Friday, April 20, 2018

SPICE client overload - Queue length issue

The decoder queue length in the client is not bounded. As a result, the client can end up having an arbitrary decoding queue length, which introduces arbitrarily long delays. Experimentally, this happens as soon as the client-side machine is under sufficiently high load.

Methodology

All measurements below were taken on a recorder branch that was rebased on April 17recorder.

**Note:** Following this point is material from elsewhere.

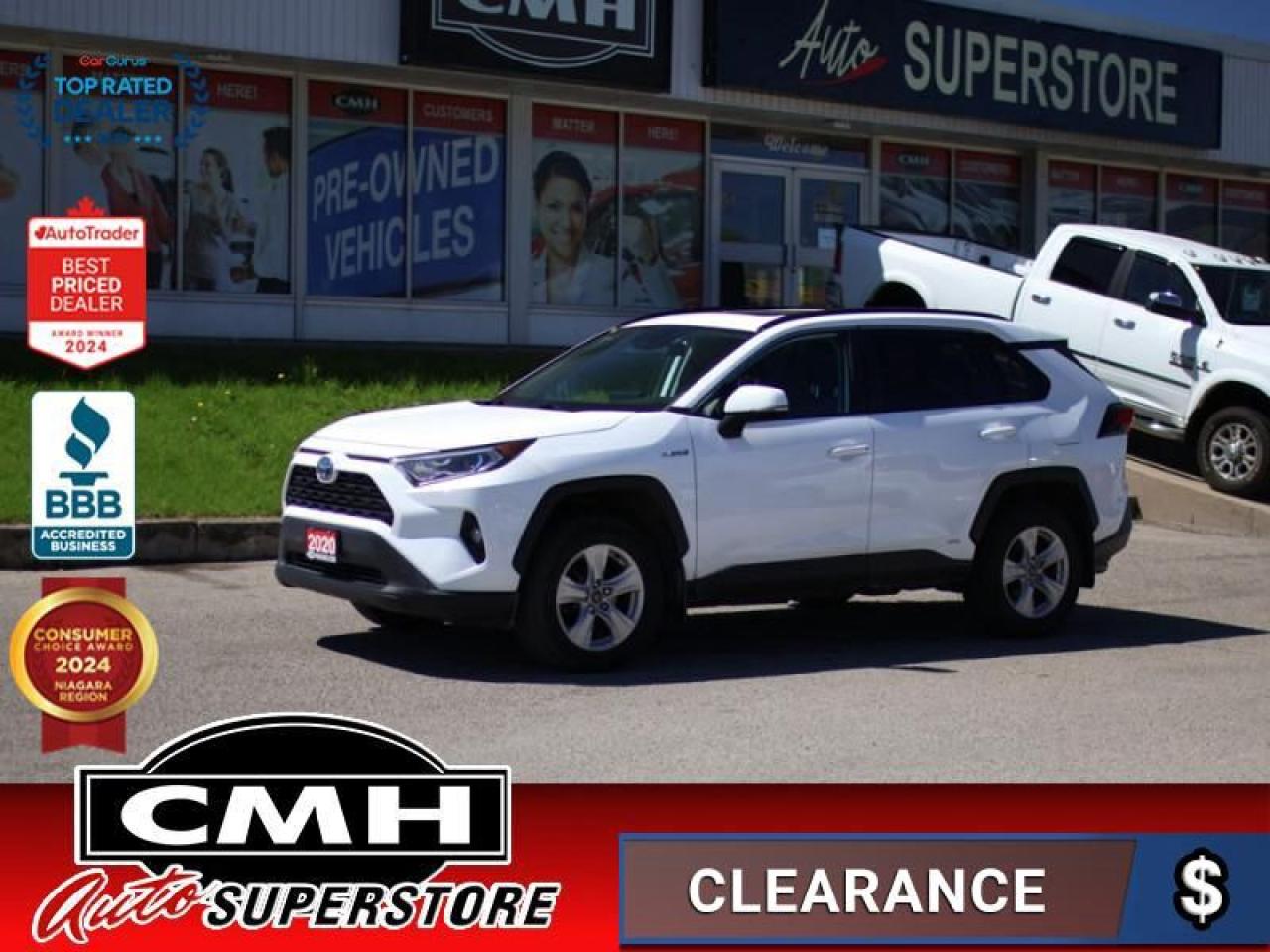 Used 2020 Toyota RAV4 XLE  **HYBRID - SUNROOF** for sale in St Catharines, ON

The command to collect the data was the following (the SPICE_TRACES environment variable is used to export the gst_queue_stats recorder first two columns under the names frame_size and queue_length):

SPICE_TRACES='gst_queue_stats=frame_size,queue_length' ./spicy -h turbo -p 5900

The command to display the data in the frame_size and queue_length columns is (search for recorder_scope in the recorder documentation for details):

recorder_scope frame_size queue_length

The gst_queue_stats data is collected as follows (see the source code in context):

    RECORD(gst_queue_stats, "Frame size %lu length %lu", frame->size, decoder->decoding_queue->length);

Measurements

Below is a queue length measurement taken under light load. In that case, the queue length remains very small and the system remains stable over time. Typical observed queue length are single digit in that case, lower with hardware-accelerated decoding.

Below is a queue length measurement taken under transient (pulse) load. In that case, there is a temporary increase in queue length, which remains moderate. I suspect transient loads explain the data Uri shared.

Below is a queue length measurement taken under heavy external load (in that case, a few spinners). Under this load, the decoding queue length diverges.

Below is a queue length measurement after a relatively short period of time (a couple of minutes). It shows that the queue length can grow to arbitrarily large values, here reaching nearly 2000 (which is about one minute delay at 30FPS).

The phenomenon is entirely reversible. Here is the same measurement once the external load is removed:

The system ultimately returns to normal:

Conclusion

An external load on the machine running the SPICE client (i.e. anything that eats CPU) can cause the SPICE client to accumulate an arbitrary number of frames in its decoding queue, which results in arbirary long latency.